Les artistes et les jeunes contestataires adoptent le paisley comme un signe de liberté et d’exploration. Les couleurs vives remplacent les teintes sobres des châles victoriens. Le motif devient un élément central des imprimés psychédéliques sur coton et soie. Il marque durablement l’esthétique de toute une décennie.
Le paisley sur le bandana moderne
Aujourd’hui le motif paisley reste indissociable du bandana en coton imprimé. Les carrés de 55 cm de côté portent presque toujours cette goutte courbée, souvent déclinée en plusieurs couleurs sur fond uni. On le noue autour du cou, du poignet ou glissé dans une poche arrière. Sa présence discrète rappelle les siècles de voyages textiles sans jamais peser.
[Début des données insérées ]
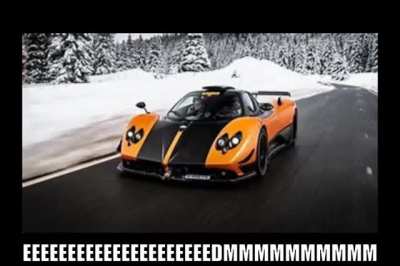POV: You're driving the Zonda Cinque Roadster in Hot Pursuit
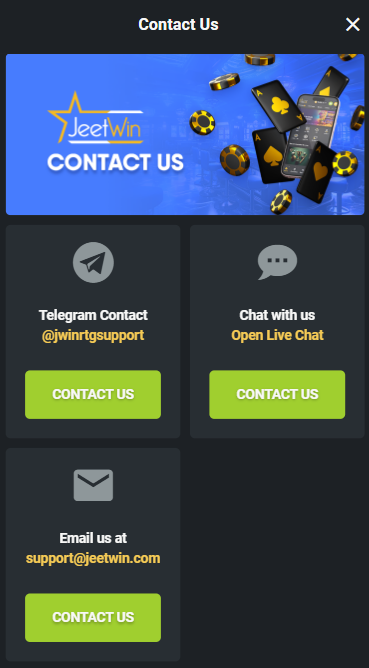 Multiple support options available on Jeetwin.(Source/ Jeetwin)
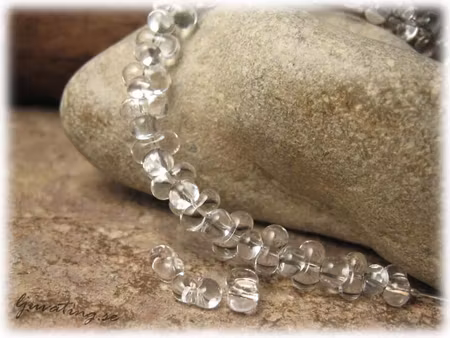 Clear crystal farfalle pärla ca 6x4 mm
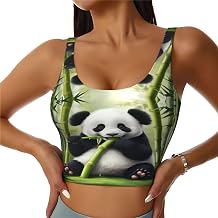 Sports Bras for Women, U-Back Workout Tank Top, Scoop Neck Yoga Running Crop Bra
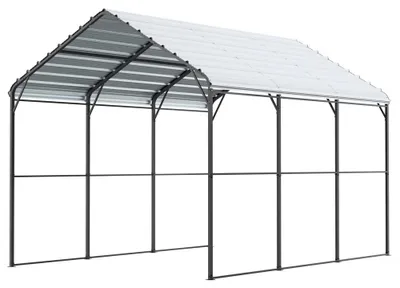 Produktbild von Carport mit Stahlrahmen – 3 x 4,5 x 3,15 Meter – Verzinkter Stahl – PE-Plane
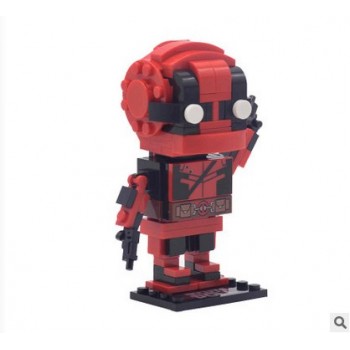 New Brickheadz Legoed Avengers 3 Marvel Infinity War Headz Super Heroes Building Blocks Iron Man Aquaman Hulk Toys for Children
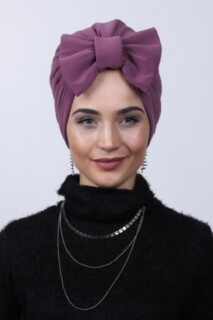 Double-Way Bonnet with Filled Bow Dried Rose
Les amateurs de styles vintage ou streetwear continuent de choisir des bandanas paisley pour leur polyvalence. Un lavage à 30 degrés et un séchage à l’air libre suffisent à préserver les couleurs vives pendant des années. Le motif traverse les modes sans prendre une ride et reste un repère visuel fort dans la culture populaire.
Le paisley continue aujourd’hui de marquer le bandana d’une empreinte visuelle forte. Sa courbe élégante traverse les époques sans perdre de son pouvoir graphique. Un simple carré de coton imprimé suffit à rappeler ce long voyage du Cachemire à nos poches et à nos cheveux.